*Task*. Please copy exactly the part of the records below that opens with the line containing "Thumbnail image of Low Blood Sugar" and closes with the line containing "Top 50 YouTube", leaving out any pictures.

Records from a data source
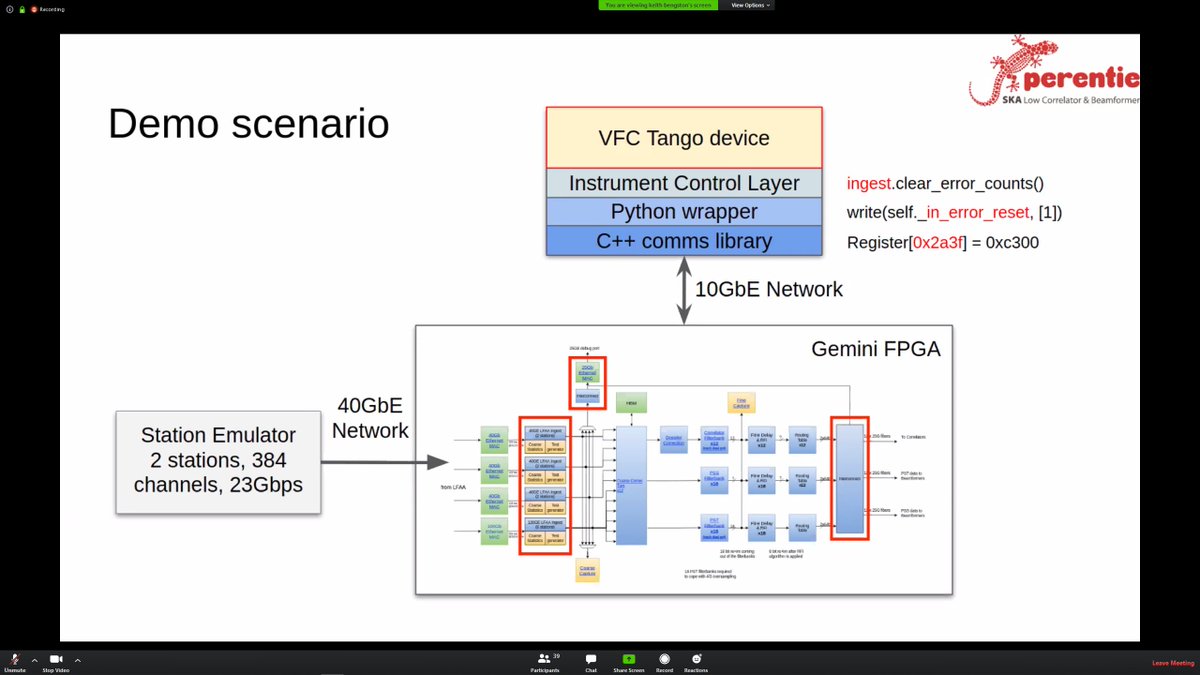 GrantHampson's tweet photo. This evening Keith Bengston of @CSIRO_ATNF provided a @SKA_telescope SAFe system demo showing the Very Fine Channeliser (VFC) firmware executing on the @ASTRON_NL Gemini FPGA being controlled by Tango through a number of software layers. Great work Keith and team Perentie! https://t.co/aYLMOkgMep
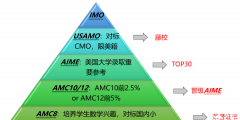 2025年AMC8競(jìng)賽考試時(shí)間整理！AMC8競(jìng)賽歷年真題哪里下載？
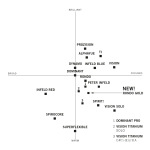 rg100小提琴弦升级版金rondogold托马斯赛事级演奏琴弦thomastik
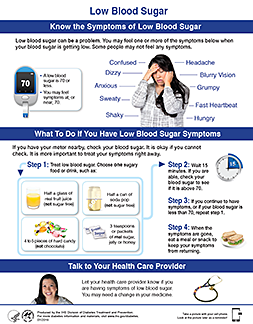 Thumbnail image of Low Blood Sugar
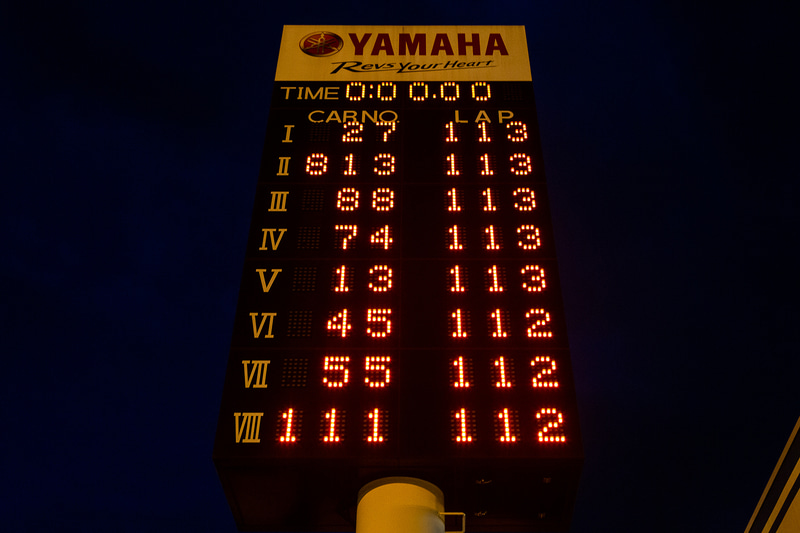 残念ながらレース後に64を表示することはできなかった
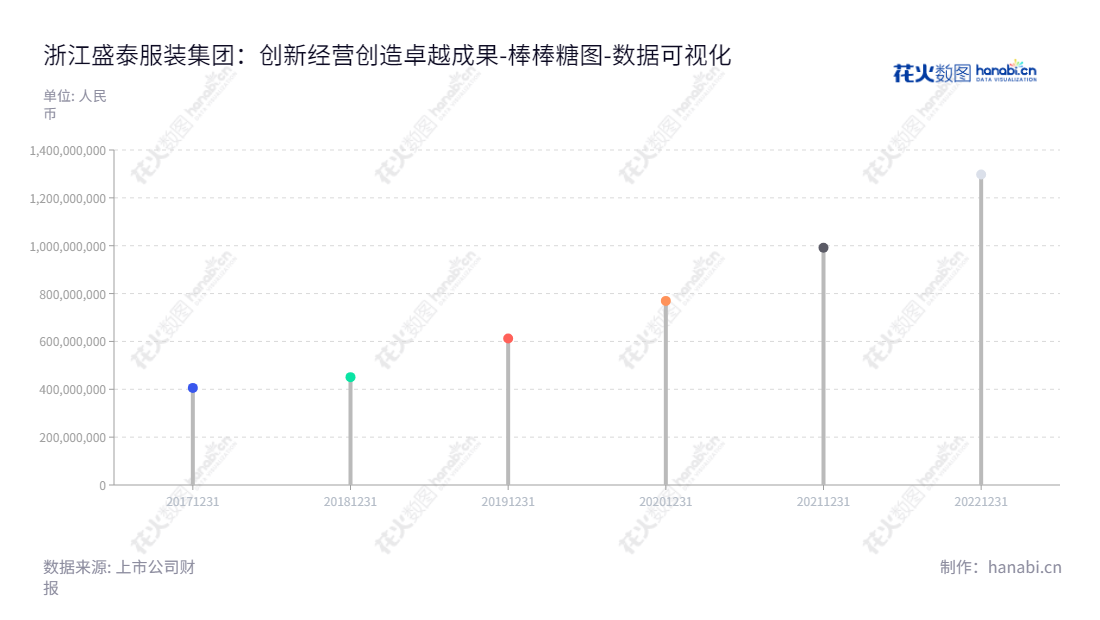浙江盛泰服装集团(605138)致力于生产、销售高质量纺织面料及成衣,拥有2022年度近13亿元未分配利润,位于浙江绍兴,董事长徐磊,总经理丁开政,官网:www.smart-shirts.com.cn,"605138","盛泰集团","Sunrise Group","徐磊","丁开政","国证2000","国证A指","数据可视化","上市公司财报","数据分析","棒棒糖图","花火数图","图表"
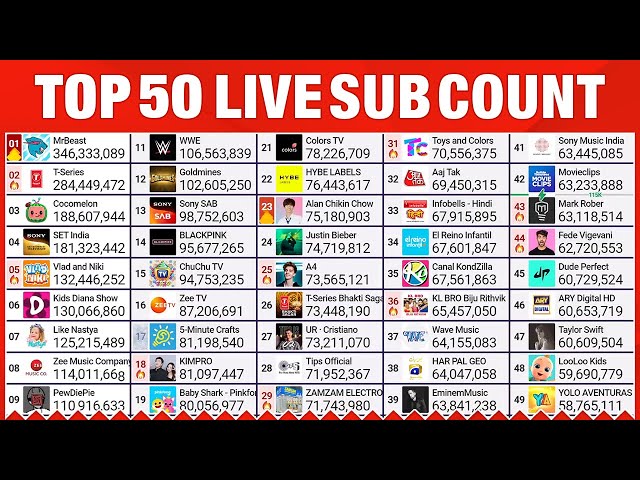 Top 50 YouTube Live Sub Count - MrBeast, T-Series & More!​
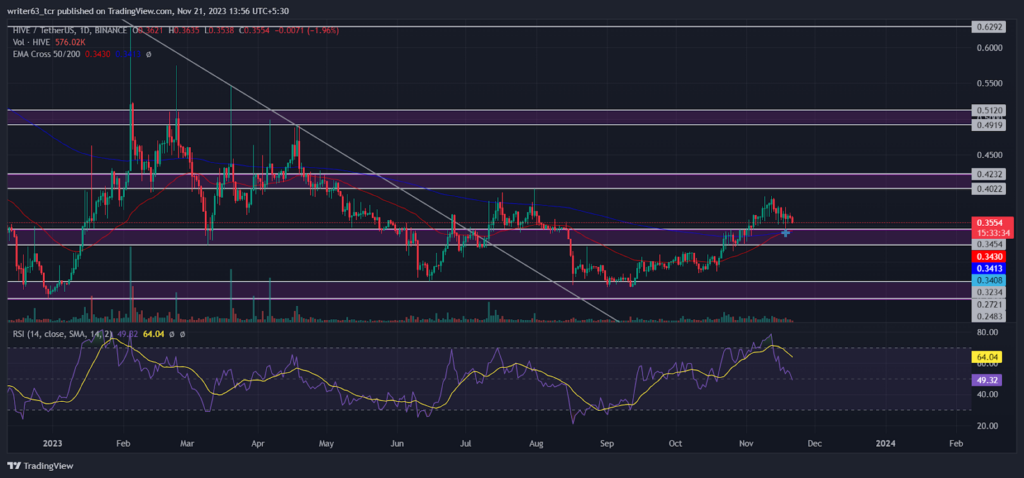 Hive Price | HIVE Price Today, Live Chart, USD converter, Market Capitalization | cryptolove.fun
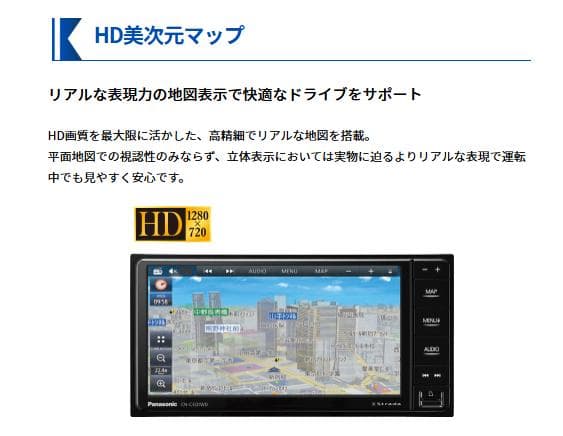 半額以下！【新品未開封】Panasonic CN-CA01D カーナビゲーション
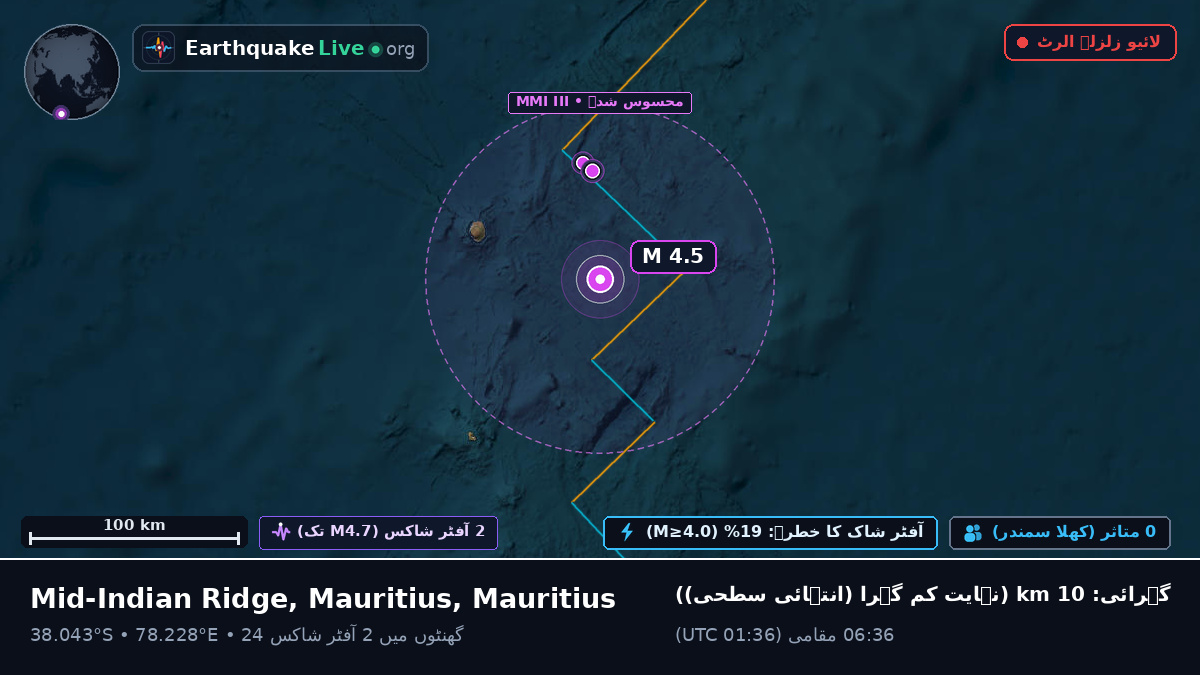 بحر ہند (Mauritius)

*Written answer*.
 Thumbnail image of Low Blood Sugar
 残念ながらレース後に64を表示することはできなかった
浙江盛泰服装集团(605138)致力于生产、销售高质量纺织面料及成衣,拥有2022年度近13亿元未分配利润,位于浙江绍兴,董事长徐磊,总经理丁开政,官网:www.smart-shirts.com.cn,"605138","盛泰集团","Sunrise Group","徐磊","丁开政","国证2000","国证A指","数据可视化","上市公司财报","数据分析","棒棒糖图","花火数图","图表"
 Top 50 YouTube Live Sub Count - MrBeast, T-Series & More!​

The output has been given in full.